Booster Gym: An End-to-End Reinforcement Learning Framework for Humanoid Robot Locomotion

Published 18 Jun 2025 in cs.RO | (2506.15132v1)

Abstract: Recent advancements in reinforcement learning (RL) have led to significant progress in humanoid robot locomotion, simplifying the design and training of motion policies in simulation. However, the numerous implementation details make transferring these policies to real-world robots a challenging task. To address this, we have developed a comprehensive code framework that covers the entire process from training to deployment, incorporating common RL training methods, domain randomization, reward function design, and solutions for handling parallel structures. This library is made available as a community resource, with detailed descriptions of its design and experimental results. We validate the framework on the Booster T1 robot, demonstrating that the trained policies seamlessly transfer to the physical platform, enabling capabilities such as omnidirectional walking, disturbance resistance, and terrain adaptability. We hope this work provides a convenient tool for the robotics community, accelerating the development of humanoid robots. The code can be found in https://github.com/BoosterRobotics/booster_gym.

Abstract PDF Upgrade to Chat

Summary

The paper's primary contribution is the introduction of an end-to-end RL framework that effectively trains humanoid robot locomotion policies.
It employs an Asymmetric Actor-Critic architecture with PPO and domain randomization to improve sim-to-real policy transfer.
Experimental results demonstrate robust locomotion, including omnidirectional walking and push recovery, in diverse real-world scenarios.

Booster Gym: An End-to-End Reinforcement Learning Framework for Humanoid Robot Locomotion

Introduction and Overview

The paper "Booster Gym: An End-to-End Reinforcement Learning Framework for Humanoid Robot Locomotion" introduces a comprehensive RL framework tailored for training and deploying locomotion policies on humanoid robots. The framework addresses the critical sim-to-real transfer challenge by encompassing the entire pipeline from simulation training to real-world deployment. In this work, domain randomization and robust policy generalization are emphasized to facilitate seamless policy transfer and adaptation across diverse environments.

Reinforcement Learning Formulation

The study employs a POMDP-based formulation to model the humanoid robot control problem, utilizing an Asymmetric Actor-Critic (AAC) architecture coupled with Proximal Policy Optimization (PPO) to optimize the control policies. This involves a detailed process of balancing exploration and exploitation via clipped surrogate objectives, as described in the extensive formulation of the RL algorithms. Specifically, the AAC framework uses an actor with proprioceptive observations and a critic, incorporating privileged simulator information to ameliorate the value estimation process.

Figure 1: Training, testing, and deployment on Booster T1 across multiple environments.

The observation and action spaces are adeptly defined to reflect the complexities of real-world applications involving proprioceptive feedback, enabling the actor network to execute finely-tuned joint position offsets via a PD controller. The overall architecture facilitates consistent interaction in simulation environments mimicking physical hardware.

Domain Randomization and Sim-To-Real Transfer

To bridge the sim-to-real gap, the paper introduces an extensive domain randomization strategy targeting variations in robot body dynamics, actuator characteristics, and environmental conditions. This approach yields a robust RL policy that proves effective across a multitude of real-world scenarios, maintaining adaptability and resilience against unexpected disturbances. The results also underscore the framework's efficacy in diverse terrains using a common policy, demonstrating competency in height-based foot positioning for gait analysis.

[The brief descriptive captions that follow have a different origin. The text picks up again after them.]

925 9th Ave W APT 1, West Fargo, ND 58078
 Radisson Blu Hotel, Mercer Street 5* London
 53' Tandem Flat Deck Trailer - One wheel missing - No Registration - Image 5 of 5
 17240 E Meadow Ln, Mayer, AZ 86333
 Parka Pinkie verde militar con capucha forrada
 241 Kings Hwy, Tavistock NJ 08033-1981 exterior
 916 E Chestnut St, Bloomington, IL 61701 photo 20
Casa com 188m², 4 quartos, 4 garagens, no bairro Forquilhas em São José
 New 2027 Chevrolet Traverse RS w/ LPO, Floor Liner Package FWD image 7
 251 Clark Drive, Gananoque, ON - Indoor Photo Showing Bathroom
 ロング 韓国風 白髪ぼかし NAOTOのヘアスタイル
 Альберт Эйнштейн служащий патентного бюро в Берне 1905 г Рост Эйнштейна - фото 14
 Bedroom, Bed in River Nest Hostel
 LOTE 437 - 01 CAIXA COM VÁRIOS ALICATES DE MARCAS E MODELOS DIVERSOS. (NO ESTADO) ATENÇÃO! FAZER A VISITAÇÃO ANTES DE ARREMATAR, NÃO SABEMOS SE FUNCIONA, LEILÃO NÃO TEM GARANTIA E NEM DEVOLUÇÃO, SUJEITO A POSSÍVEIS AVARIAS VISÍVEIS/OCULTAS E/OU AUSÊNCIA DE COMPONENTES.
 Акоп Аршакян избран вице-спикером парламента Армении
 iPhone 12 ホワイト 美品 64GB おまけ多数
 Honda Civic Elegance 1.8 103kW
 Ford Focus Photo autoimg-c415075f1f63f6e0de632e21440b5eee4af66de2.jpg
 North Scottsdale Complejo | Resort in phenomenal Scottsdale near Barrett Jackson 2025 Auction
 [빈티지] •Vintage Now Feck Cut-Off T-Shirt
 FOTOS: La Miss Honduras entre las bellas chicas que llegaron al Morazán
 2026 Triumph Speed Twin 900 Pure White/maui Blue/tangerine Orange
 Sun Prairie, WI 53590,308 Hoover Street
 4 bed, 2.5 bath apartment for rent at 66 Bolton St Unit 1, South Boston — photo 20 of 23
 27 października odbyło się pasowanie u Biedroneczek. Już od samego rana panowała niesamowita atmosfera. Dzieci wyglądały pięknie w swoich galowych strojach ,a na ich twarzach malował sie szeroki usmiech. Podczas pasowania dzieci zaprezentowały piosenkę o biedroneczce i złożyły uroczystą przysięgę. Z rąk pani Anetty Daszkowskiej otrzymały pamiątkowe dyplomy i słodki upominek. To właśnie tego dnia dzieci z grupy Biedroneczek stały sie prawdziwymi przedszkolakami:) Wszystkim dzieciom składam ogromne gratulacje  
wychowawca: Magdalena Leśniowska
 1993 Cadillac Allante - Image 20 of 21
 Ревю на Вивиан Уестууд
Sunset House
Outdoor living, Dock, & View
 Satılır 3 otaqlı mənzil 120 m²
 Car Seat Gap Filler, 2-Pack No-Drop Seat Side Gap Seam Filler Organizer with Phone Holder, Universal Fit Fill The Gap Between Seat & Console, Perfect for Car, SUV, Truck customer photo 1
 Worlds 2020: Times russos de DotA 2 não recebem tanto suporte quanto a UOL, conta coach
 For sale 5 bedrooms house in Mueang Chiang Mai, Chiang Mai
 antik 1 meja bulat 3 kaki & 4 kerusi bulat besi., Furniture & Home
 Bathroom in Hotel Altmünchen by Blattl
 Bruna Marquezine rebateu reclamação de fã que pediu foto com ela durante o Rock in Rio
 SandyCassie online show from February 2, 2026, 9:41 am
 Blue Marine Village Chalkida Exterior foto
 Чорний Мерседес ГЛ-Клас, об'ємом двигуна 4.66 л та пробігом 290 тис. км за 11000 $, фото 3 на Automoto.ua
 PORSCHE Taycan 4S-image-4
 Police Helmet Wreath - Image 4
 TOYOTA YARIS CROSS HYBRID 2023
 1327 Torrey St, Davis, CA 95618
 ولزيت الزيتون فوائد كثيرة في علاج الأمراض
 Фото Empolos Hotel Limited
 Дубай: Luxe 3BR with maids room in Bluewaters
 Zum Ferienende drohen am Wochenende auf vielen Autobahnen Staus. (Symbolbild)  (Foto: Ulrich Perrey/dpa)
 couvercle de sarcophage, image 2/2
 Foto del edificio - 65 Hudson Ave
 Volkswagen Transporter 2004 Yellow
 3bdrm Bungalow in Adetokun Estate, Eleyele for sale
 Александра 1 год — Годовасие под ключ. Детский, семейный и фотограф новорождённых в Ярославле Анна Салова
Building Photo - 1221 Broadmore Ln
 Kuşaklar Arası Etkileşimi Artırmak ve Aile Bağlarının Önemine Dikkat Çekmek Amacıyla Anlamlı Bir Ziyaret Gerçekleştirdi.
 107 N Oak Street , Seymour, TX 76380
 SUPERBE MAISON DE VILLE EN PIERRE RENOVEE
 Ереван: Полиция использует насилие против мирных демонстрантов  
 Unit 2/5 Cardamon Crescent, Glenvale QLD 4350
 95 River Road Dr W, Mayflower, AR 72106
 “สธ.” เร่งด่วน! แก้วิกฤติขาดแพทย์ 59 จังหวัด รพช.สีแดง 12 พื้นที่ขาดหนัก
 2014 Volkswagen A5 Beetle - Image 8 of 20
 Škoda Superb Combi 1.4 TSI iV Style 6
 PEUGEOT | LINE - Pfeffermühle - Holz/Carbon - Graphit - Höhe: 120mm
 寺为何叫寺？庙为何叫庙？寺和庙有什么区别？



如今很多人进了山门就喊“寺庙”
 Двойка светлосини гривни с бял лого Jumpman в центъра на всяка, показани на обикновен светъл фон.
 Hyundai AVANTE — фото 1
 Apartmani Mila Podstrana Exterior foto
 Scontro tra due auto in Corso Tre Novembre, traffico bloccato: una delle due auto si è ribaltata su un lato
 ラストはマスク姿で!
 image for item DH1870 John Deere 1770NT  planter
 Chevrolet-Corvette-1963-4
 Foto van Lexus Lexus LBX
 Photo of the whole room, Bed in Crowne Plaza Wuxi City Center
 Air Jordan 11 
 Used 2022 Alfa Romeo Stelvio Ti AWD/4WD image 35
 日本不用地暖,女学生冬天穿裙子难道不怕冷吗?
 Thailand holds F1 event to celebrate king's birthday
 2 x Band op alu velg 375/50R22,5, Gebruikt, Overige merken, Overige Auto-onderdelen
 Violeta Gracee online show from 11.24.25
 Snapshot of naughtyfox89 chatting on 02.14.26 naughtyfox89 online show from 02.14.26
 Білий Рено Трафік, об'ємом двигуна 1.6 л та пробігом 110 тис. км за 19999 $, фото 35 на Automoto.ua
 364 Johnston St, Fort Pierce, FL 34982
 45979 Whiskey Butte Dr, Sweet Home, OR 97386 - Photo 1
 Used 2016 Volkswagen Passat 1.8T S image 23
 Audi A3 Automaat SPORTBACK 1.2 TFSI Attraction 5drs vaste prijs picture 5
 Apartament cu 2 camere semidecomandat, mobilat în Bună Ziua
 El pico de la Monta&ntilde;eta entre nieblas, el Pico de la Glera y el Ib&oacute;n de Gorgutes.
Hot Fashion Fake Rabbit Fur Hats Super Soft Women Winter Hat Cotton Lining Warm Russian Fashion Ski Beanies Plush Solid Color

Figure 2: An overview of the control architecture for training and deployment.

The framework's success in real-world deployment is augmented by the deployment infrastructure, which includes a Python-based SDK for seamless policy execution on humanoid platforms. This integration facilitates ease-of-use while maintaining strong alignment with predefined performance metrics, showcasing efficient policy execution with minimal latency disturbances.

Experimental Evaluation

Comprehensive experiments validate the framework's capabilities in executing complex locomotion tasks, such as omnidirectional walking and robust push recovery operations. The adaptive capacities of the RL framework are vividly demonstrated, with real-world trials illustrating the efficacy of the deployed control policies in maintaining stability and maneuverability in challenging conditions.

Figure 3: Omnidirectional walking. (a) Forward. (b) Backward. (c) Rotation. (d) Sideways.

Figure 4: Walking on a 10-degree slope. Upper: Forward. Lower: Sideways.

The paper reports successful implementation of fundamental locomotive functions, highlighting how real-time adjustments in policy outputs enable the robot to maintain balance and respond effectively to both immediate and sustained external forces.

Conclusion

The Booster Gym framework stands out as a valuable contribution to the field of humanoid robotics, providing a streamlined, open-source solution capable of profound impact within the robotics community. By incorporating domain randomization and versatile RL components, the framework offers a robust methodology for developing and deploying real-world locomotion strategies. Future work should focus on extending the framework's capabilities, potentially broadening the set of applicable tasks and enhancing the automation of policy adaptation for further advances in humanoid robotics.